Однажды, подравшись с кошкой вдвое больше себя, Клео явилась домой с оторванным ухом. После этого я старалась удержать ее дома, но каждый вечер она начинала выть до тех пор, пока наконец я не открывала дверь. Хотя тот бой был серьезным и Клео понесла потери, однако в результате ей удалось отстоять свои права на территорию. Больше с тех пор никаких свар с другими кошками у нее не было.
После переезда Клео подняла на новый уровень свое искусство птицелова. Туфли в моем шкафу были набиты щуплыми трупиками и пучками перьев.
Клео наглядно демонстрировала миру, как в одном существе прекрасные манеры, тонкость и шарм могут уживаться с жизнестойкостью уличной бродяжки. Следуя ее примеру, я училась не слишком переживать по поводу своих промахов на работе. Например, когда мне потребовалось слишком много времени, чтобы сообразить, что мой пыхтящий телефонный собеседник не совершает пробежку, а занимается кое-чем другим, несколько менее полезным. Или когда, пытаясь одновременно дозвониться в десять мест и вконец замотавшись, я перепутала имена топ-моделей, назвав одну, утонченную и шикарную, именем другой, известной потаскушки.
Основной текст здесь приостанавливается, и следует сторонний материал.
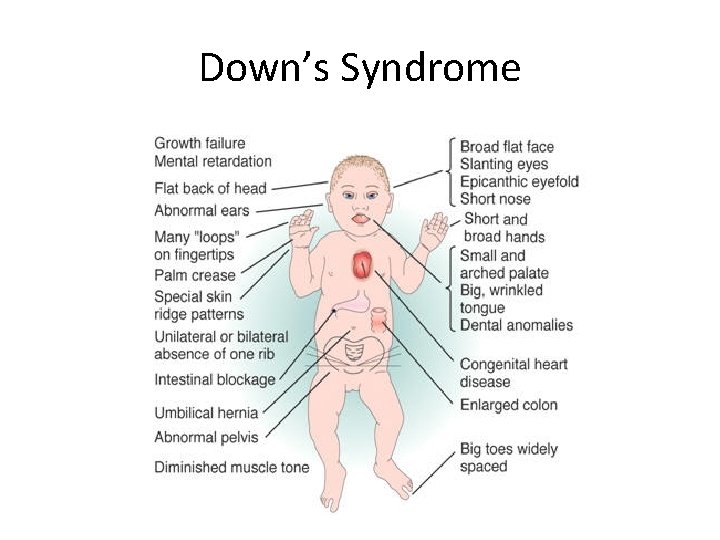 Down’s Syndrome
Клео, хоть и редко, тоже случалось промахнуться мимо забора и шлепнуться в куст гортензий. Подражая ей, я тоже не зацикливалась на унижении, а просто встряхивалась, говорила себе, что я не настолько глупа, чтобы повторить эту ошибку, — и молилась, чтобы обиженные не подали на меня в суд.
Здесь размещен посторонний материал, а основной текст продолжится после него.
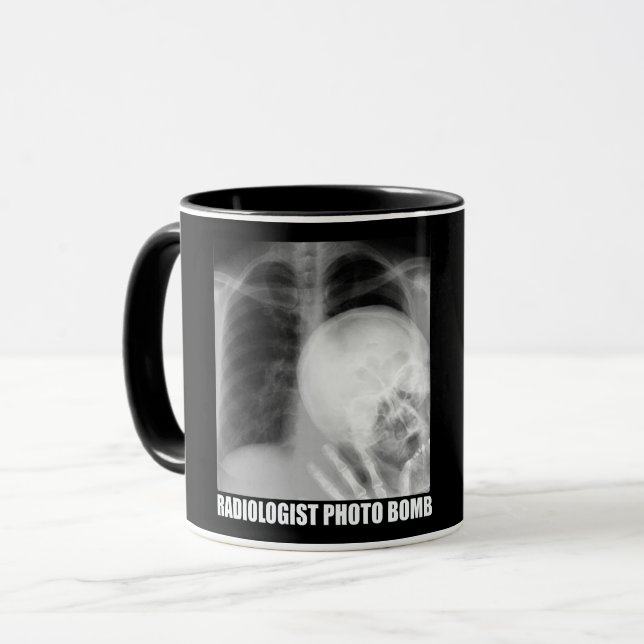 RADIOLOGISKT FOTOBOMB MUGG (Framsida vänster)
Прошел еще год, за который мы со Стивом научились, находясь вместе дома, не попадаться друг другу на глаза. Согласно статистике, женщины разрывают супружеские отношения куда чаще мужчин. Никогда не была поклонницей статистики. Другая теория гласит, что мужчины, когда они хотят порвать отношения, становятся просто несносными. Поэтому женщине волей-неволей приходится доводить дело до конца.
Наш брак напоминал миску с яичными белками. Мы оба старательно бились над ним, надеясь чего-то достичь, время от времени даже поднимали довольно высокую шапку пены. Иногда нам даже начинало казаться, что мы сумеем-таки сделать вполне приличное безе, но любой повар подтвердит, что, если взбивать белки слишком уж долго и упорно, если слишком стараться, пена просто опадет.
Ситуация достигла критической точки однажды вечером, когда я вернулась с работы домой. Стив стоял на дорожке у дома. Не помню, о чем шел разговор, кажется о каких-то пустяках, вроде того, что кто-то оставил пачку масла на скамейке, откуда его стянула Клео. Разговор перешел в скандал — а прежде мы никогдане скандалили. Тут-то вдруг мы оба и заговорили о разводе.
Нам обоим было ясно, что Стив не может спать на террасе до конца своих дней, это же просто глупость. Тем не менее, когда слово на букву «Р» все же наконец прозвучало, действительность потрясла нас обоих.